How the keep teams motivated and driven?

Although beauty salons are closed, everyone involved in hospitality business has already taken a big haircut. Shareholders, management, associates. This affects everyone. Worse still when the re-opening happens, the demand will come slowly and at lower targeted manpower ratio. Jobs will be fewer and people could end up on the bench and be underutilised overall. Hotel associates are in for a most difficult time. The only way to deal with it is with the Truth. It’s important for brands to communicate what the issues are and how it’s affecting their ability to do right by their people. Admit the fears and concerns and demonstrate with numbers. They have to draw a roadmap of how we step back into the light and how long the said transition may take. Hotel people are driven. It’s not just a job for them and their ability to take personal hardships for their hotels and guests is beyond the ordinary. This is a great time for people to upskill themselves and learn to do more and do it more efficiently and make themselves invaluable to their organisations. With physical contacts being avoided, sales people need to learn to sell more via social and online and less face to face. This is a skill that needs to be acquired. Loyalty cuts both ways. It has to be both offered and received between organisations and their people and for every concession by people today, organisations must be prepared to reward when they are back on solid ground.

And if you can’t operate with your normal practices, change to The Mafia Model

Let’s be clear, the virus is going nowhere till a vaccine has been administered.

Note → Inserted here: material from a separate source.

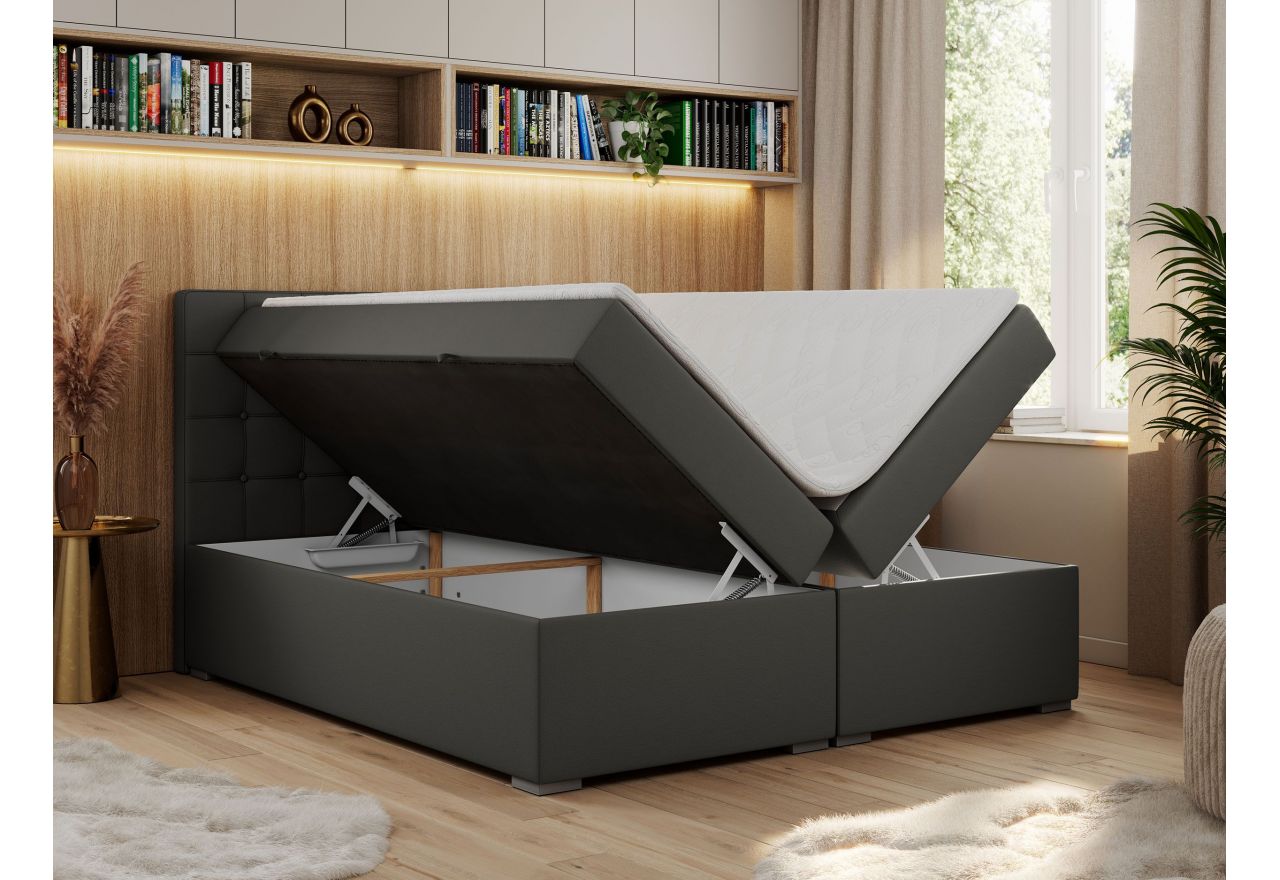 Łóżko kontynentalne CARMEN 140x200 - H4 - ciemnoszary, ekoskóra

The next 12-18 months has to be defined as a survival period. It is not yet a revival period. It affects everyone in the hospitality value chain from asset owners, banks, brands and operators, associates, vendors and guests. Anyone expecting hotels to open and continue like before the crisis has an unpleasant surprise coming their way. The only way to deal with the uncertainty is to move to a model meant for unpredictable operations which is the Mafia Model. The essence of this model is that revenue is sporadic and uncertain and instead of fixed costs against variable revenues, the costs are all pegged to revenue and everyone in the value chain takes their cut from each dollar received. Also gangs are more motivated than teams during times of threat to survival. They get things done without the necessary resources and protocols being available and they have an ability to hustle. Organisations that can implement such policies with all stakeholders over the next 12 months and ‘share the take’ will have the best chance to survive now and thrive tomorrow when stability is available and can revert back to their established corporate structures.